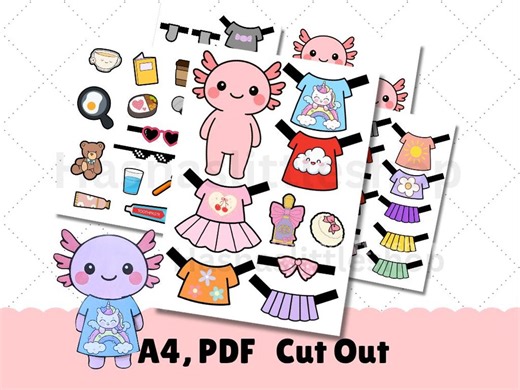 Kawaii Axolotl Paper Doll – Printable DIY Craft for Kids, Axolotl Cut Out, Instant Download Sea Animal Puppet - Etsy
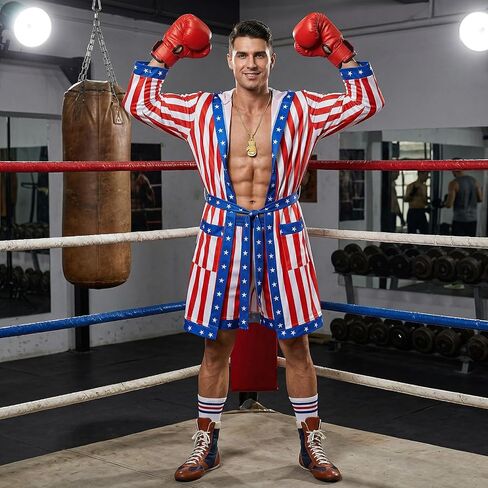 4PCS American Flag Boxing Costume for Men Women, Rocky Balboa Robe, Boxer Outfit with Gloves, Socks and Necklace in Saudi Arabia
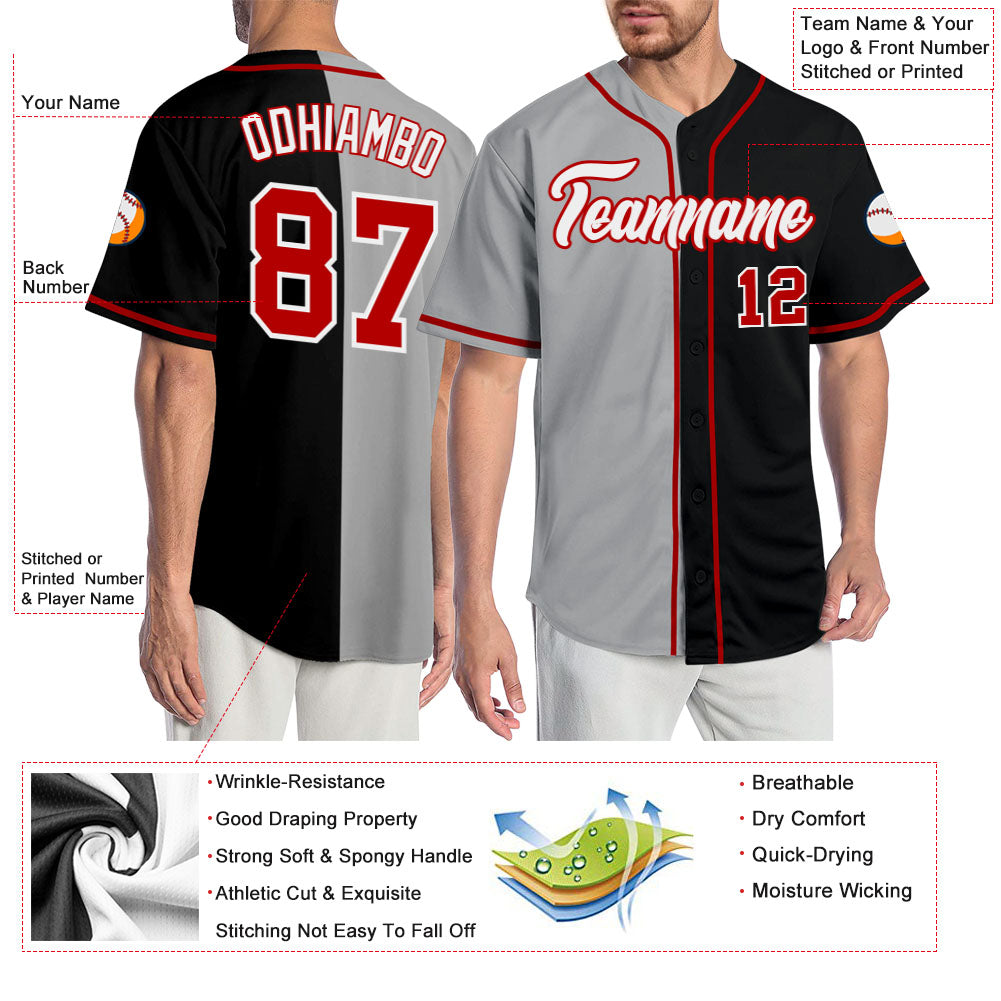 Custom Black Red-Gray Authentic Split Fashion Baseball Jersey view 3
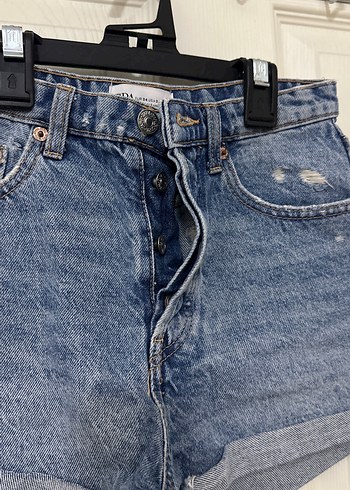 Kadın mavi düğmeli Denim Mini Şort Zara - Görsel 2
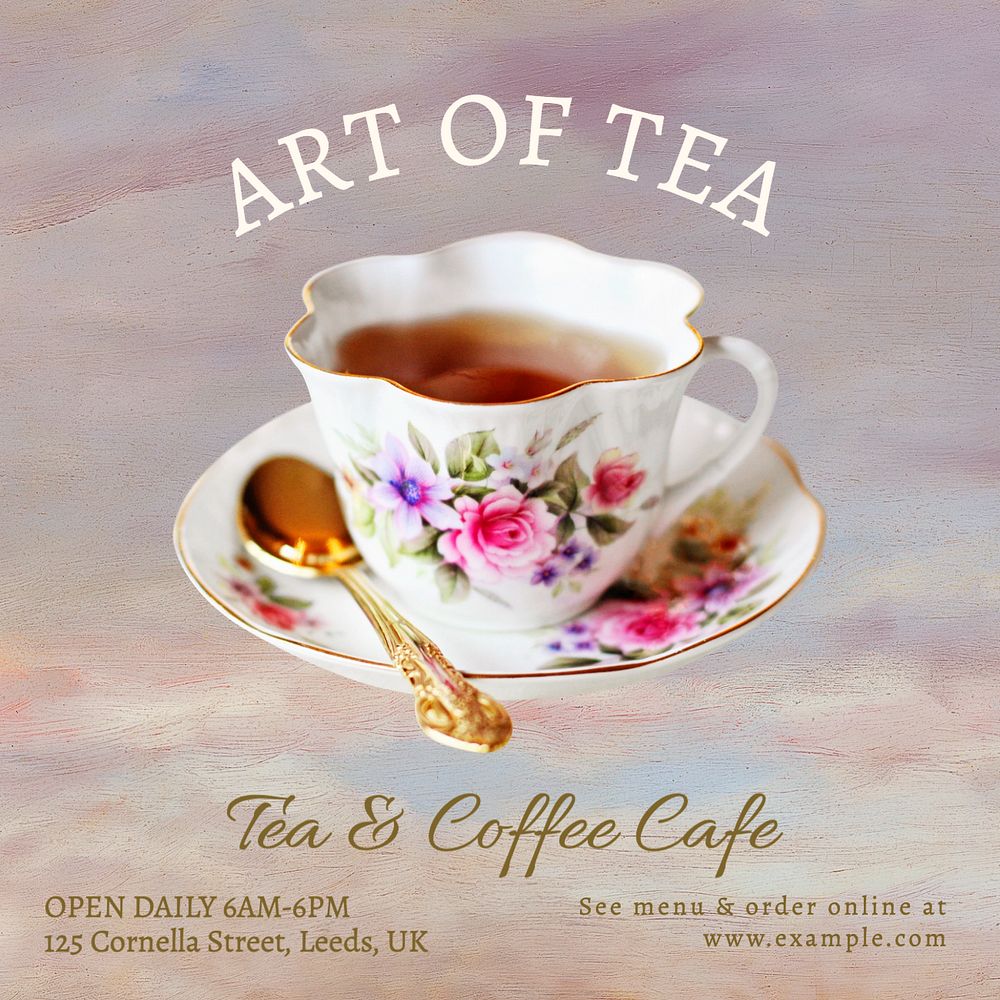 Tea & coffee cafe Instagram post template, editable text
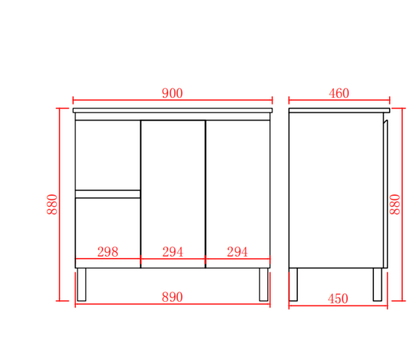 Bathroom Nordic Freestanding Vanity with Legs 900*460*860mm (Luxern)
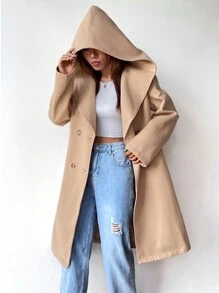 SHEIN EZwear Áo khoác trùm đầu hai hàng khuy cho nữ - Màu be - Xem 5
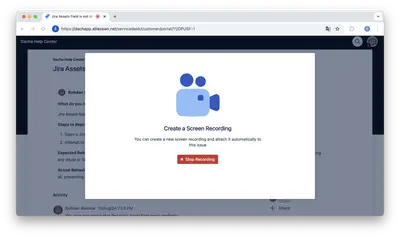 Quick Screen Recordings for Jira and Customer Portal for Atlassian — screenshot
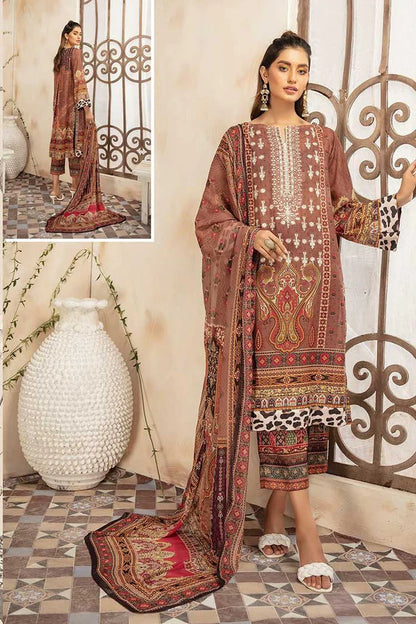 Johra Embroidered Lawn Karandi 3 Piece Suit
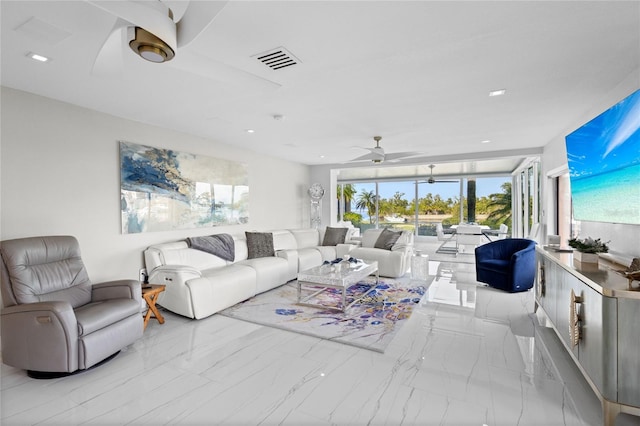 living room with ceiling fan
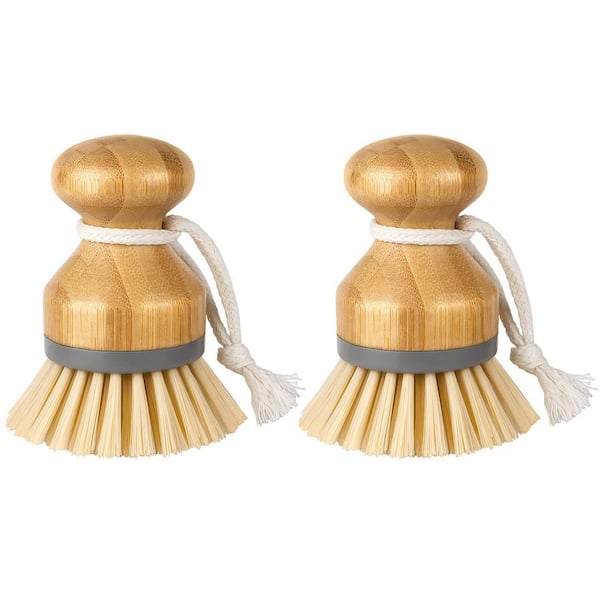 Bamboo Handle Dish Scrub Brush Set, Non-Scratch Bristles for Kitchen and Bathroom Cleaning, Pack of 2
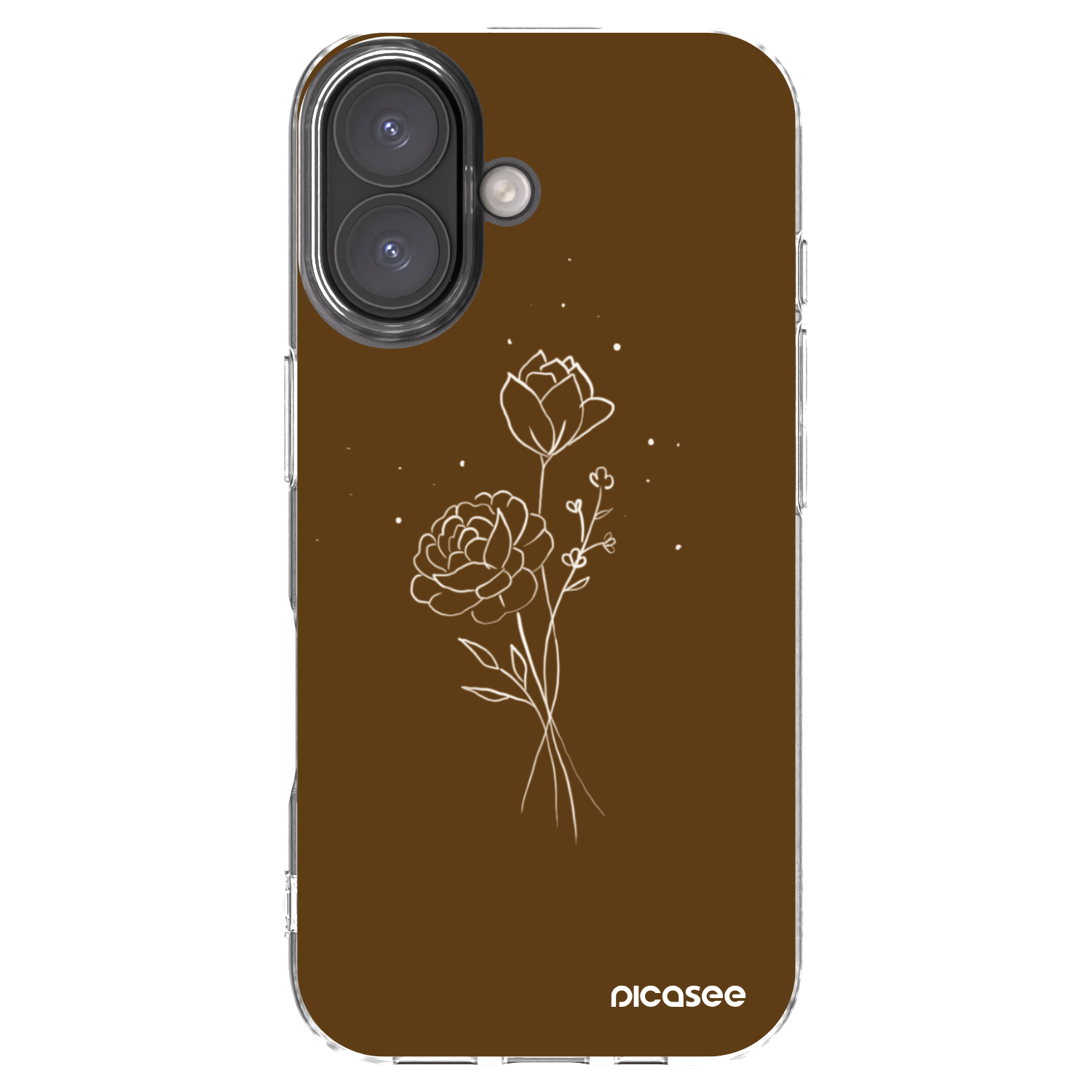 Picasee átlátszó szilikon tok az alábbi mobiltelefonokra Apple iPhone 16 - Brown flowers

============

Your task is to repeat, word for word and with no picture, every line from the one that contains "4PCS American Flag" through the last line of the data.

- [Answer]:
 4PCS American Flag Boxing Costume for Men Women, Rocky Balboa Robe, Boxer Outfit with Gloves, Socks and Necklace in Saudi Arabia
 Custom Black Red-Gray Authentic Split Fashion Baseball Jersey view 3
 Kadın mavi düğmeli Denim Mini Şort Zara - Görsel 2
 Tea & coffee cafe Instagram post template, editable text
 Bathroom Nordic Freestanding Vanity with Legs 900*460*860mm (Luxern)
 SHEIN EZwear Áo khoác trùm đầu hai hàng khuy cho nữ - Màu be - Xem 5
 Quick Screen Recordings for Jira and Customer Portal for Atlassian — screenshot
 Johra Embroidered Lawn Karandi 3 Piece Suit
 living room with ceiling fan
 Bamboo Handle Dish Scrub Brush Set, Non-Scratch Bristles for Kitchen and Bathroom Cleaning, Pack of 2
 Picasee átlátszó szilikon tok az alábbi mobiltelefonokra Apple iPhone 16 - Brown flowers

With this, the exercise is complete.